• _How to complete this task_: Quote exactly the lines spanning from the top of the data below to the line that contains "First Time Fishing", including both.

• _Raw data_:
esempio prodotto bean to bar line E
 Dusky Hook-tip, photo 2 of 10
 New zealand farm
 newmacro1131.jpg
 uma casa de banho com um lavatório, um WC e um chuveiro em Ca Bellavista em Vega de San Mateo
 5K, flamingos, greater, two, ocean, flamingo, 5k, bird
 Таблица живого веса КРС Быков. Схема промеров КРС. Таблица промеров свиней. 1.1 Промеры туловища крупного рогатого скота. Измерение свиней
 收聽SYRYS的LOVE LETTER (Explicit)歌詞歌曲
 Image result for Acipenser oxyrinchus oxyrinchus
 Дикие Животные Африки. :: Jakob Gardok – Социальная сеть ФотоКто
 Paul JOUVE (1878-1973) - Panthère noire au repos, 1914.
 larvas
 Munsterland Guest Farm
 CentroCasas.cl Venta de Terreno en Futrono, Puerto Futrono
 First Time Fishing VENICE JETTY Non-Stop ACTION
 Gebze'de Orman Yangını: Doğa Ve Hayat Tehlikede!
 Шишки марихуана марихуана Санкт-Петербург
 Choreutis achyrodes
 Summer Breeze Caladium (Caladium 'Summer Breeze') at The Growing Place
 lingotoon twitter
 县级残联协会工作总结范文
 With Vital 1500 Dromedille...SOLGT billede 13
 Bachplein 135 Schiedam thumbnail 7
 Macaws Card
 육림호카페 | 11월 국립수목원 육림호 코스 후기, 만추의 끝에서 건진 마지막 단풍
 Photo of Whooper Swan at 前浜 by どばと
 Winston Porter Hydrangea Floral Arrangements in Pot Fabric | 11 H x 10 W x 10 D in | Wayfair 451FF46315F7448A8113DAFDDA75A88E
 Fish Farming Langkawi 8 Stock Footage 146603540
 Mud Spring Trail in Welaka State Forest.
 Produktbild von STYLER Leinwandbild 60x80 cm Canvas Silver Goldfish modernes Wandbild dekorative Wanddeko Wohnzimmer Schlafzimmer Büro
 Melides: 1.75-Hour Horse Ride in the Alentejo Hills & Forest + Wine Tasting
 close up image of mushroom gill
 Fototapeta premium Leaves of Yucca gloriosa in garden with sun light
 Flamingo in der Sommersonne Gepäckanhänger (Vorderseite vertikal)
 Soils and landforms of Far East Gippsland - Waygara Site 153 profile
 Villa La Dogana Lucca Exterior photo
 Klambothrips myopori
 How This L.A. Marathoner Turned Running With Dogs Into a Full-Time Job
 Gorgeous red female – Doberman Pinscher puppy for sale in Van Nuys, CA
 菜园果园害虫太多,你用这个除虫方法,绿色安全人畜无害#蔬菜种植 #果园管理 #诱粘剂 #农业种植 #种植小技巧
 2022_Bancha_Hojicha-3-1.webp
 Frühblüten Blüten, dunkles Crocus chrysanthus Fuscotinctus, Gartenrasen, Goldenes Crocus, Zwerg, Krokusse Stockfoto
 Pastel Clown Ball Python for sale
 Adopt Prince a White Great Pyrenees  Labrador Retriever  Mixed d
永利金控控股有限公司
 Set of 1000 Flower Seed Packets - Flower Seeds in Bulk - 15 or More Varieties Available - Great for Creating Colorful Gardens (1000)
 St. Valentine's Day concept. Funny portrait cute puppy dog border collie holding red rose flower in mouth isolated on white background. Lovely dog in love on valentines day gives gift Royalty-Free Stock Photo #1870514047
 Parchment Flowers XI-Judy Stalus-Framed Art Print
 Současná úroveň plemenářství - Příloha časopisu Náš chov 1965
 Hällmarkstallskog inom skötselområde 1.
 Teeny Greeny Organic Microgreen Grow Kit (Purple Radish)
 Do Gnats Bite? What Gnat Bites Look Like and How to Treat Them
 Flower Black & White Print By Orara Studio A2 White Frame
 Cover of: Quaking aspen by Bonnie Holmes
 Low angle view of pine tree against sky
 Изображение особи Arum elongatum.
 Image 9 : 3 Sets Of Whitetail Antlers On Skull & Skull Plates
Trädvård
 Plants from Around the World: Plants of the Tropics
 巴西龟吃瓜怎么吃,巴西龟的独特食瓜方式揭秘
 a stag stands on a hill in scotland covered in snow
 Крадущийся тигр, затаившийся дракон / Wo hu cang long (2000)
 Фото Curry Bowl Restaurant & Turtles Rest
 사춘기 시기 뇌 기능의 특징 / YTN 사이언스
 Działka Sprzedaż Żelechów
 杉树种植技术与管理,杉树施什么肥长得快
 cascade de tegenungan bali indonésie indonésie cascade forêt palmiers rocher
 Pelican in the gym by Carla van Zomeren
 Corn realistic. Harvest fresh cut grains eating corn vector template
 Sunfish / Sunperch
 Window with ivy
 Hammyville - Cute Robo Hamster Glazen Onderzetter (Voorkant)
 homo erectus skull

• _Exercise response_:
esempio prodotto bean to bar line E
 Dusky Hook-tip, photo 2 of 10
 New zealand farm
 newmacro1131.jpg
 uma casa de banho com um lavatório, um WC e um chuveiro em Ca Bellavista em Vega de San Mateo
 5K, flamingos, greater, two, ocean, flamingo, 5k, bird
 Таблица живого веса КРС Быков. Схема промеров КРС. Таблица промеров свиней. 1.1 Промеры туловища крупного рогатого скота. Измерение свиней
 收聽SYRYS的LOVE LETTER (Explicit)歌詞歌曲
 Image result for Acipenser oxyrinchus oxyrinchus
 Дикие Животные Африки. :: Jakob Gardok – Социальная сеть ФотоКто
 Paul JOUVE (1878-1973) - Panthère noire au repos, 1914.
 larvas
 Munsterland Guest Farm
 CentroCasas.cl Venta de Terreno en Futrono, Puerto Futrono
 First Time Fishing VENICE JETTY Non-Stop ACTION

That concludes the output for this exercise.